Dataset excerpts
|---|

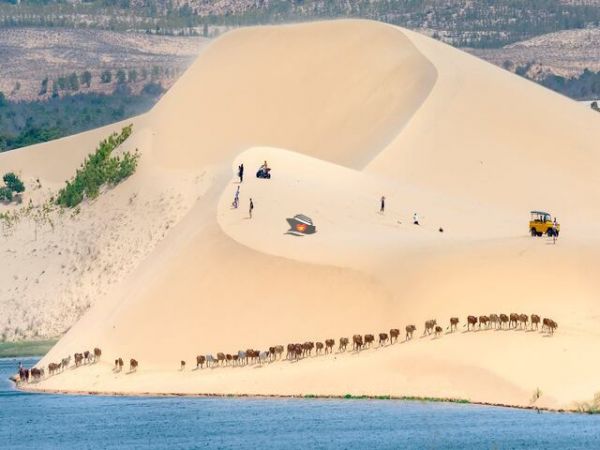 Mui Ne White Sand Dune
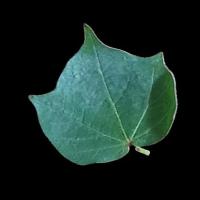 cotton_leaf_disease project thumbnail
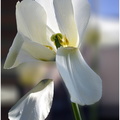 tulipe 03.jpg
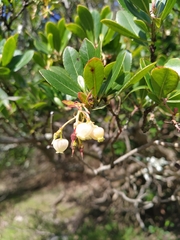 Arbutus unedo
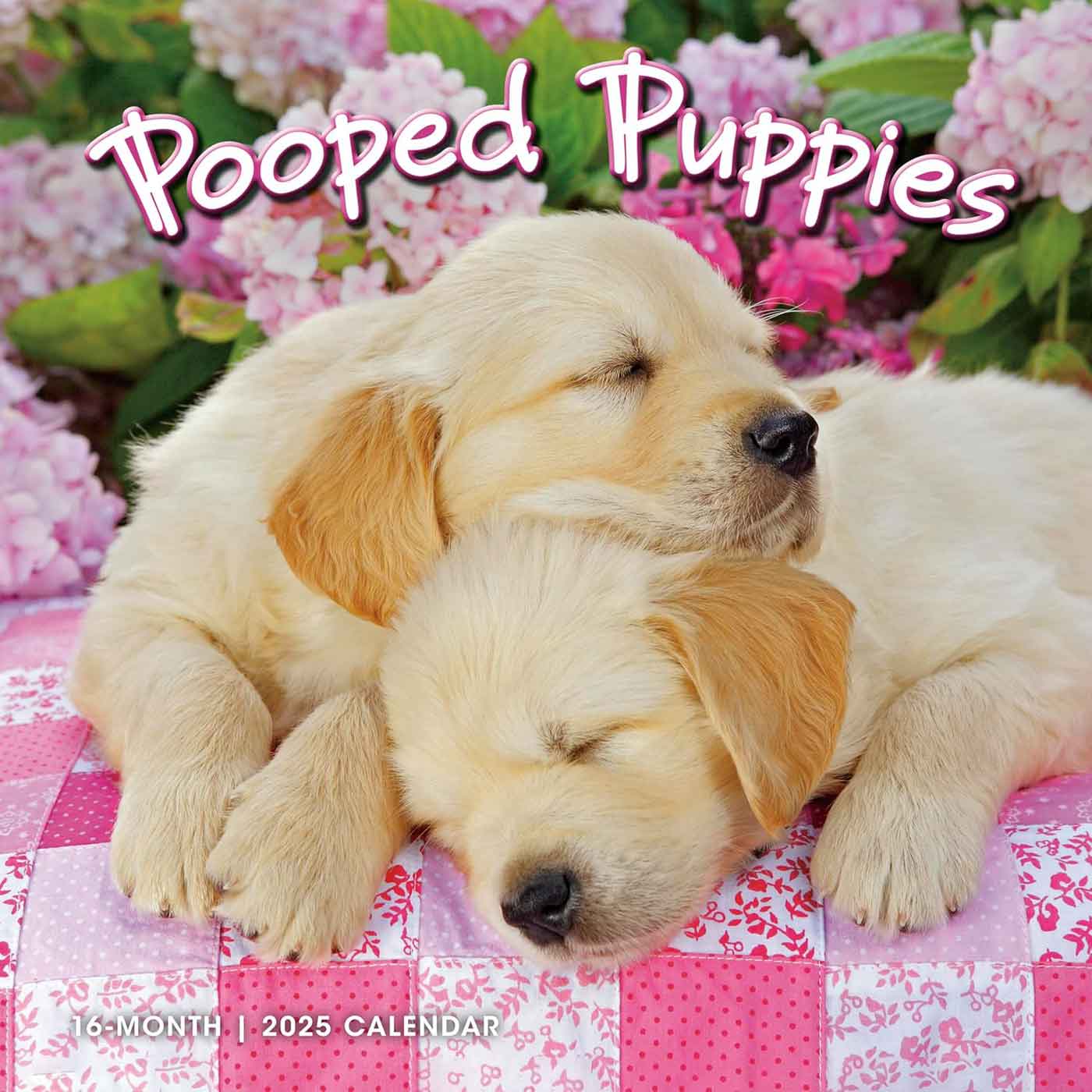 A 2025 Wall Calendar of Pooped Puppy Dogs | Calendars of Dogs and Puppies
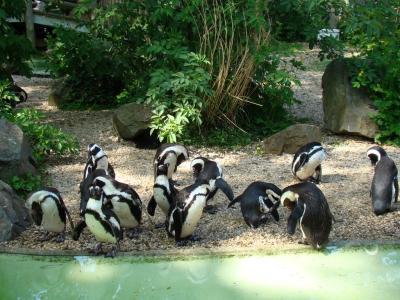 Manchot de Humboldt - 2009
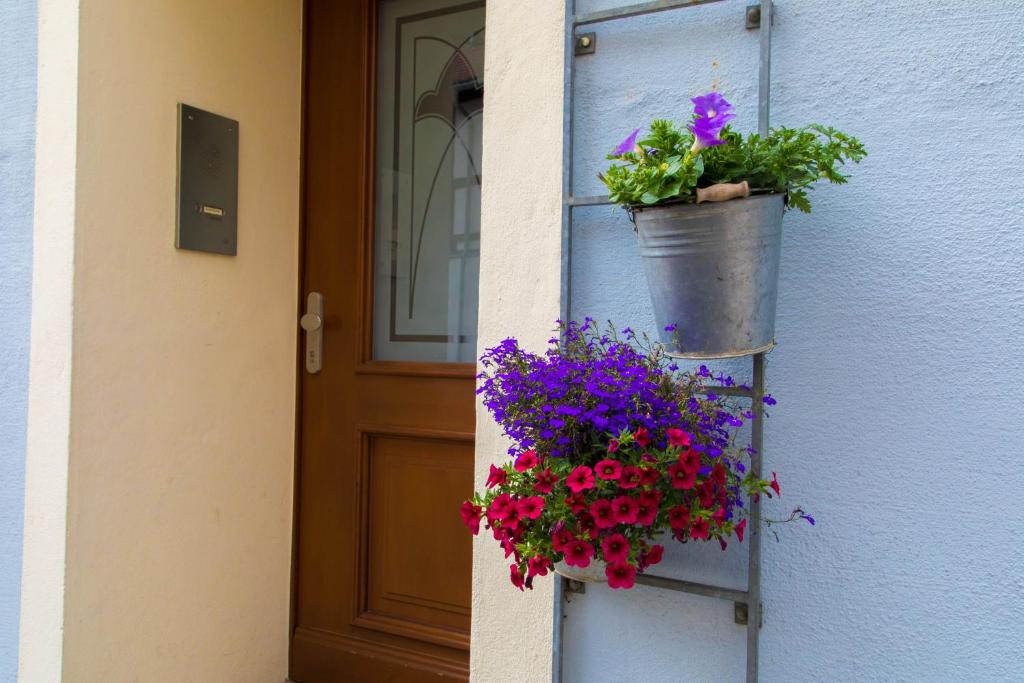 Hotel Blaue Blume - 15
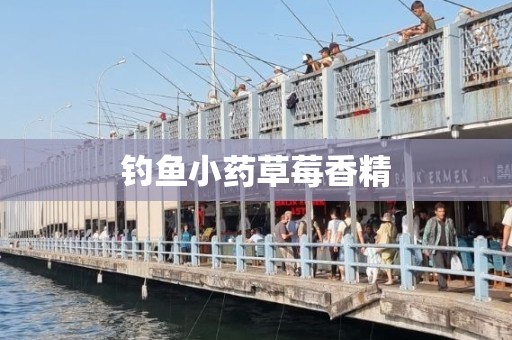 钓鱼小药草莓香精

|---|

## EXERCISE GOAL
Each record above is to be written out exactly; the pictures are not.

## RESPONSE BELOW
 Mui Ne White Sand Dune
 cotton_leaf_disease project thumbnail
 tulipe 03.jpg
 Arbutus unedo
 A 2025 Wall Calendar of Pooped Puppy Dogs | Calendars of Dogs and Puppies
 Manchot de Humboldt - 2009
 Hotel Blaue Blume - 15
 钓鱼小药草莓香精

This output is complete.